The company had raised about $2M before this, led by Kae Capital, including an early Rs 2 crore from All In Capital in September 2025 after it won an ‘Elevator Pitch’ event. Lightspeed coming in at Series A moves it into a different funding tier.

### Company and Leadership

[SuperLiving](https://superlivingapp.com) was founded in 2025 by Manavdeep Singh Grover and Gurjot Kaur. Both previously held executive roles at Meesho and Pocket FM, two companies known for scaling consumer products across small-town India.

That background shows in the product. The founders built for Tier II and Tier III users from the start rather than the metro crowd most wellness apps chase.

### Problem and Opportunity

Premium wellness apps in India price out most of the country. Personalized coaching across nutrition, fitness, sleep, and mental health usually means paying several specialists separately.

SuperLiving folds those into one app priced from as low as Rs 9 a month. The bet is that a vast under-served audience will pay small amounts for affordable, vernacular guidance. The early numbers back it: 73% of paying users come from places like Meerut, Gangtok, Agra, and Nashik.

### Product and Technology

The app covers nutrition, movement, sleep, stress, and daily habits through short, expert-vetted courses and a 24/7 AI companion. Content is checked by nutritionists, fitness coaches, and skin, hair, and mental-health professionals rather than influencers.

The technical edge is a proprietary memory layer. The AI companion learns each user’s habits and context over time, so recommendations get more personal with use. Paired with vernacular content tuned for Indian languages, it gives SuperLiving a behavioral dataset on Bharat consumers that metro-focused rivals don’t have.

### Use of Proceeds and Vision

The capital goes toward stronger AI, a wider vernacular content library, faster product development, and user acquisition across smaller cities.
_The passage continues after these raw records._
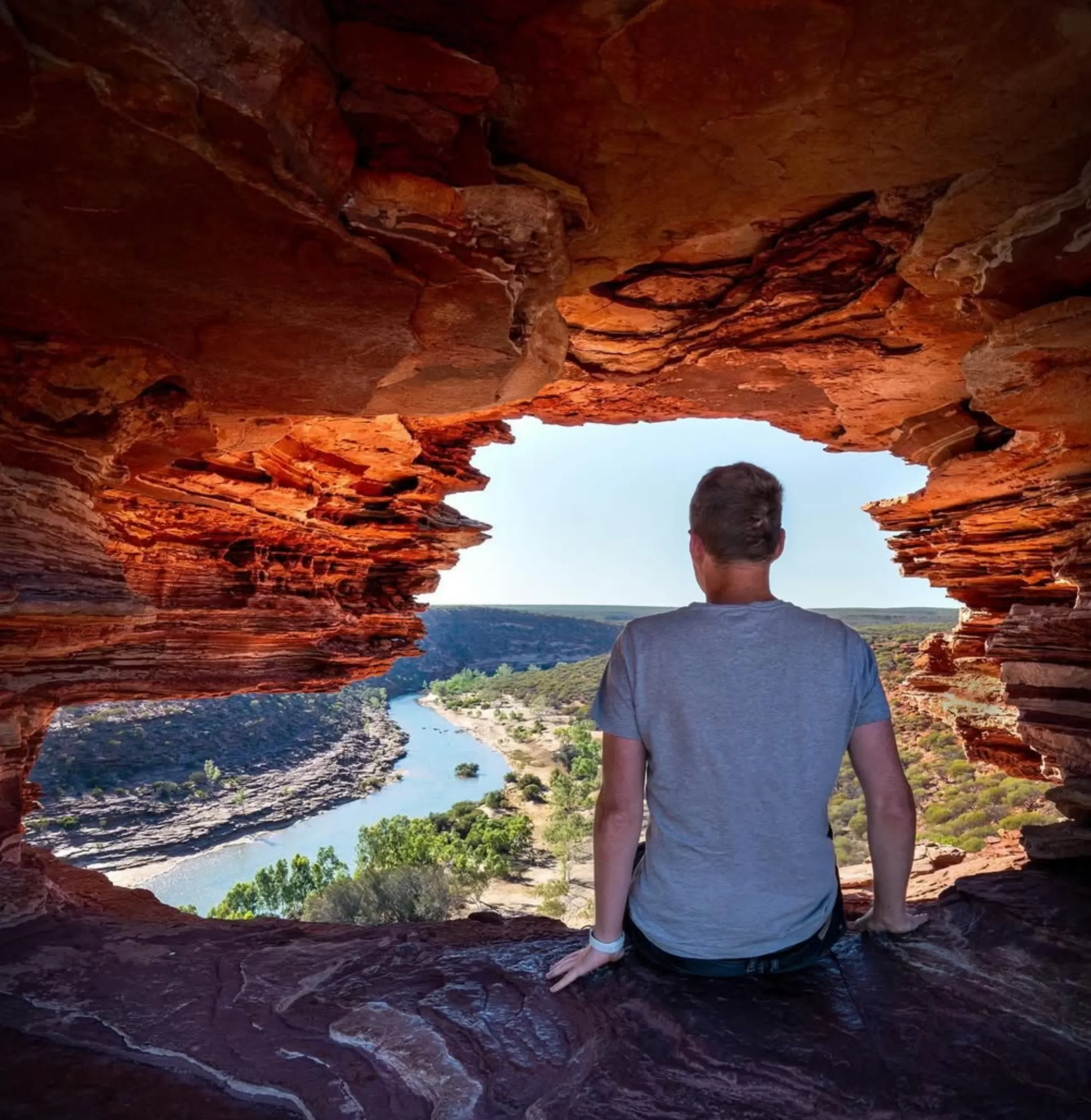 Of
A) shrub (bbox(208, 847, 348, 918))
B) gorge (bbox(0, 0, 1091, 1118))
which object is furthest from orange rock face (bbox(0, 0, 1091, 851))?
shrub (bbox(208, 847, 348, 918))

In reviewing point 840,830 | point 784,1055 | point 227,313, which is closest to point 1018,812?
point 840,830

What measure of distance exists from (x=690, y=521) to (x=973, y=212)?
2.66m

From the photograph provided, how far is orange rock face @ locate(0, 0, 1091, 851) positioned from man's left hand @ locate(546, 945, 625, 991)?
10.6ft

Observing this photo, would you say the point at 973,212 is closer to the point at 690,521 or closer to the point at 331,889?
the point at 690,521

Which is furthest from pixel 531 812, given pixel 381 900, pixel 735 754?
pixel 735 754

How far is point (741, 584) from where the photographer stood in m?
2.47

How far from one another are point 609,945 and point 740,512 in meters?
1.69

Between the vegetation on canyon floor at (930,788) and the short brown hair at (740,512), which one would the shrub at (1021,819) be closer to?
the vegetation on canyon floor at (930,788)

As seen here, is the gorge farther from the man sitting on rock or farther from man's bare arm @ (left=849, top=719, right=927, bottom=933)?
man's bare arm @ (left=849, top=719, right=927, bottom=933)

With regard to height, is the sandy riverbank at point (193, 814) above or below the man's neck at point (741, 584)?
below

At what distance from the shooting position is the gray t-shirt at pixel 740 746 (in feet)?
7.72

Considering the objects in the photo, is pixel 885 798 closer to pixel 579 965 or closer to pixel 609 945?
pixel 609 945

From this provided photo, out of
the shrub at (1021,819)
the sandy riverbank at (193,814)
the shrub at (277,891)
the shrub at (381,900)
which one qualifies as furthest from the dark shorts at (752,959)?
the sandy riverbank at (193,814)

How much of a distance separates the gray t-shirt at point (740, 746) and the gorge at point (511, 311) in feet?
1.29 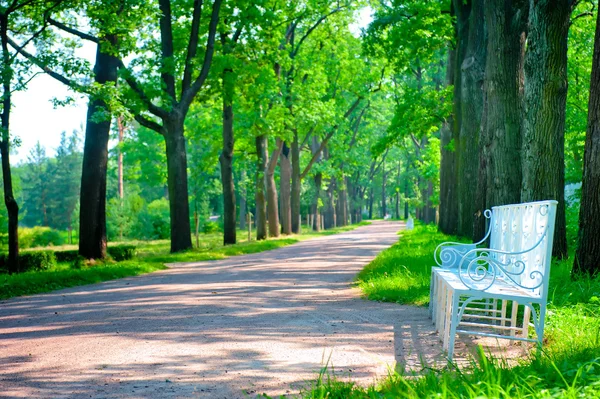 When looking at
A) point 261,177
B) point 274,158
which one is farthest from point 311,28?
point 261,177

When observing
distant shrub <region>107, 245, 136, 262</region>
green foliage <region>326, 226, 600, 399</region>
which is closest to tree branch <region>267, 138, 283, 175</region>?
distant shrub <region>107, 245, 136, 262</region>

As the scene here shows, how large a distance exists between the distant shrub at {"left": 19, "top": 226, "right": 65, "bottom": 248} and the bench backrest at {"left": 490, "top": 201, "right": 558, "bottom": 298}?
3136cm

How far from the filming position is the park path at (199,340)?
519cm

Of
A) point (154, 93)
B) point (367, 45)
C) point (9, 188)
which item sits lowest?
point (9, 188)

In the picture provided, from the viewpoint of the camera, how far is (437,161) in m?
39.4

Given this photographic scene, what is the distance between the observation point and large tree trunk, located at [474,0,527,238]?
12766mm

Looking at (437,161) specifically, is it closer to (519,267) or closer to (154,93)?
(154,93)

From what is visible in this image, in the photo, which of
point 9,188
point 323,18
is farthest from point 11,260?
point 323,18

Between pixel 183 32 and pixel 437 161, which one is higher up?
pixel 183 32

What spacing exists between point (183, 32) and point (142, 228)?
2091 centimetres

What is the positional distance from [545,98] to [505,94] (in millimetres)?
2660

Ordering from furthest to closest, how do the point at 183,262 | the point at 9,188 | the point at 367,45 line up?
the point at 367,45
the point at 183,262
the point at 9,188

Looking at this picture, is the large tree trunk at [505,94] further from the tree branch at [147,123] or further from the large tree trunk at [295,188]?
the large tree trunk at [295,188]

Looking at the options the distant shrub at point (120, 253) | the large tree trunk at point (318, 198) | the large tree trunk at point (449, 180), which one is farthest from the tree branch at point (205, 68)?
the large tree trunk at point (318, 198) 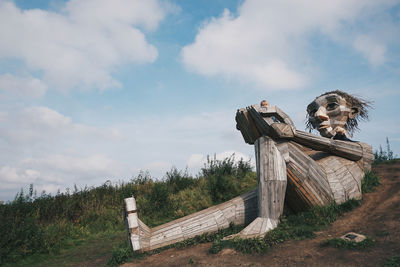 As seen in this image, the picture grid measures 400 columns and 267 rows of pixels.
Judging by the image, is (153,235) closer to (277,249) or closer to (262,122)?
(277,249)

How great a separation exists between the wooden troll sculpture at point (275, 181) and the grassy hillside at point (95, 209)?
3.49 meters

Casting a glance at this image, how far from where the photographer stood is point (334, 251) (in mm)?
3248

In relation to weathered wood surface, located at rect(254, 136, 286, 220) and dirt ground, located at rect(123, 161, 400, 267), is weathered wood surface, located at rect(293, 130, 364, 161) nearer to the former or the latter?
weathered wood surface, located at rect(254, 136, 286, 220)

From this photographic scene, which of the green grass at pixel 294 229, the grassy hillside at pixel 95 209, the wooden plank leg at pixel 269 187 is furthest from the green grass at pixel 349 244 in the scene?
the grassy hillside at pixel 95 209

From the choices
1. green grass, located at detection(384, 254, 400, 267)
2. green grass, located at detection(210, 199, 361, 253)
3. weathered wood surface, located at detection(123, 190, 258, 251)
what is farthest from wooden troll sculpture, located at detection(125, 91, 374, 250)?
green grass, located at detection(384, 254, 400, 267)

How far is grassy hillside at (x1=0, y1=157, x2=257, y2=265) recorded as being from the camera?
6.20 m

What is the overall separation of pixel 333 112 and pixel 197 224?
351 cm

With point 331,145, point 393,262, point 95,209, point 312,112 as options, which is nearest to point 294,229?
point 393,262

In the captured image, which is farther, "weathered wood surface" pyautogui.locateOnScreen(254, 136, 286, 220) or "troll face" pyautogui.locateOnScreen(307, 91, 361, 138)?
"troll face" pyautogui.locateOnScreen(307, 91, 361, 138)

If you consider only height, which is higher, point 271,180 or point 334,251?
point 271,180

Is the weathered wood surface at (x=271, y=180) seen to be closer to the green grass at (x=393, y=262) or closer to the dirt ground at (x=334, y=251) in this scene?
the dirt ground at (x=334, y=251)

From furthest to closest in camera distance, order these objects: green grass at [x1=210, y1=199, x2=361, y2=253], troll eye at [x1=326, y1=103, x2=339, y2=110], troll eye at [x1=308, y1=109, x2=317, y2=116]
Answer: troll eye at [x1=308, y1=109, x2=317, y2=116] < troll eye at [x1=326, y1=103, x2=339, y2=110] < green grass at [x1=210, y1=199, x2=361, y2=253]

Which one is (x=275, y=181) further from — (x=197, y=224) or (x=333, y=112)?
(x=333, y=112)

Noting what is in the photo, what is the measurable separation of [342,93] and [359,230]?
3314mm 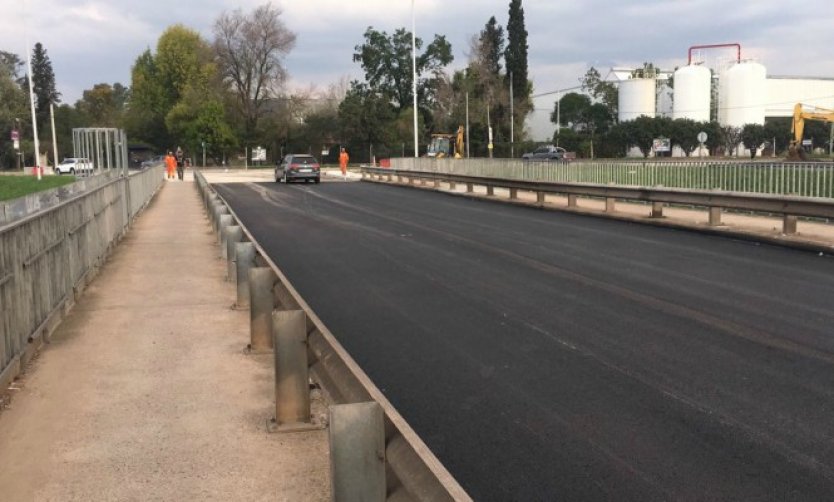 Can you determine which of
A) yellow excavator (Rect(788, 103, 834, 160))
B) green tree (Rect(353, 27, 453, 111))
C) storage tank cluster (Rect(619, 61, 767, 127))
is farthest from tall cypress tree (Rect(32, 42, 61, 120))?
yellow excavator (Rect(788, 103, 834, 160))

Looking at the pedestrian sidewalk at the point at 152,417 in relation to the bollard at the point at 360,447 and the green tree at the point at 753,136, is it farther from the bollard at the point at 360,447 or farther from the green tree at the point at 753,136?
the green tree at the point at 753,136

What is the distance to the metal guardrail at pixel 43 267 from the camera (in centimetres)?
596

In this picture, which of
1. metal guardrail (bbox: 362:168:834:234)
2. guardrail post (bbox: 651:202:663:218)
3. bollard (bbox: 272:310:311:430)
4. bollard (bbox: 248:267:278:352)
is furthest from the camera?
guardrail post (bbox: 651:202:663:218)

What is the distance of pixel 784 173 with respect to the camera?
16844 millimetres

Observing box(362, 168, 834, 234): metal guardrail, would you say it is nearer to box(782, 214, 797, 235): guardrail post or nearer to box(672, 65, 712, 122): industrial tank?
box(782, 214, 797, 235): guardrail post

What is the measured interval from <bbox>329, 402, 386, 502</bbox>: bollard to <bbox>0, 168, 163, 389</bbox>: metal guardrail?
3731 mm

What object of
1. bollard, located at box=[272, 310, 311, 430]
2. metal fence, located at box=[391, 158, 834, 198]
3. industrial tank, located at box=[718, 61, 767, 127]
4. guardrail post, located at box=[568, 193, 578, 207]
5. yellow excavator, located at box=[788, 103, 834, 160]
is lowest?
bollard, located at box=[272, 310, 311, 430]

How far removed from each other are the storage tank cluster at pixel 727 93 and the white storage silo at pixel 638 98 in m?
3.60

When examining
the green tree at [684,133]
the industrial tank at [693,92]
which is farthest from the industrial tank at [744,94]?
the green tree at [684,133]

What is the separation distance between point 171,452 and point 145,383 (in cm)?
159

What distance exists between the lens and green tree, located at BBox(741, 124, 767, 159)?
8969cm

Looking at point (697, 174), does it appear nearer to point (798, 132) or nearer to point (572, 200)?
point (572, 200)

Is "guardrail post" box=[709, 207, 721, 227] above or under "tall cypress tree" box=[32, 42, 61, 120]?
under

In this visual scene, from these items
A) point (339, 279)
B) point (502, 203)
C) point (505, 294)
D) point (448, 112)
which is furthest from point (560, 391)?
point (448, 112) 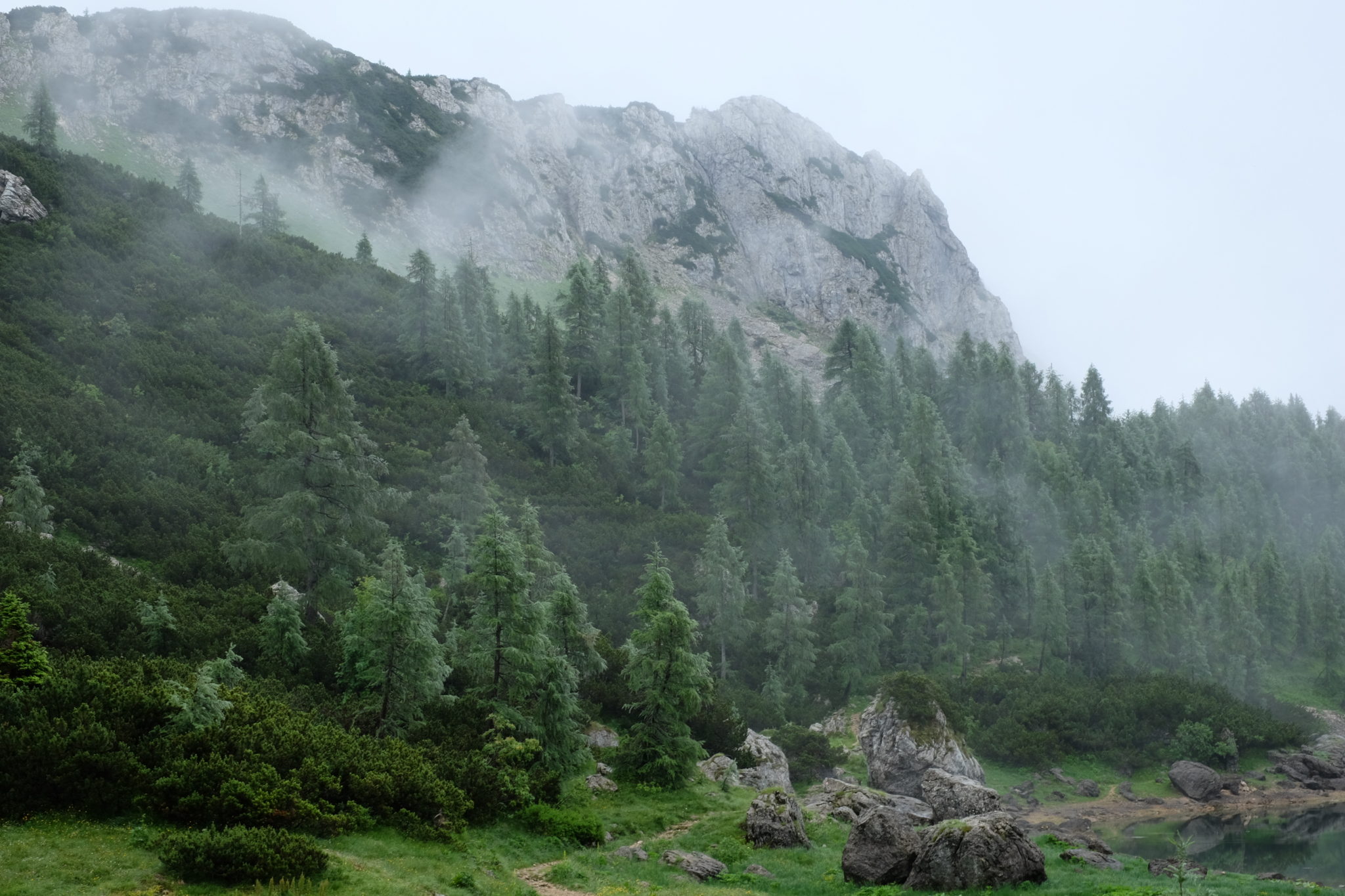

The company also plans to move past content and coaching into diagnostics, health commerce, and personalized care.

The longer goal is to become India’s default preventive health platform for the mass market, replacing several separate specialists with one cheap, integrated app.

### Market Context

SuperLiving targets the Bharat segment that established health apps have mostly ignored. It has crossed 1.5 million app installs and 100,000 paying users since launch. With 73% of those paying users outside the metros, the company is making the case that affordable, vernacular-first preventive care is its own market, separate from premium urban wellness.

## Lessons For Founders

- You don’t have to raise early. Bodycraft went nearly nine years without a major round and used the wait to build brand equity and a real footprint before taking PE money.

- Bundling beats single-service plays in fragmented markets. Pairing clinics with salons, or stacking nutrition, sleep, and mental health in one app, raises the barrier for narrower competitors.

- Where your users live is a moat. SuperLiving’s 73% Tier II and III paying base gives it data and pricing that metro-first apps can’t easily match.

- Repeat investors are a signal. Kae Capital and All In Capital backing SuperLiving again, and a pre-IPO firm choosing Bodycraft, both say more than any single headline number.

- Price for the market you actually want. A Rs 9 monthly plan and a clinic-plus-salon model both work because they fit how their customers already spend, not how a pitch deck wishes they would.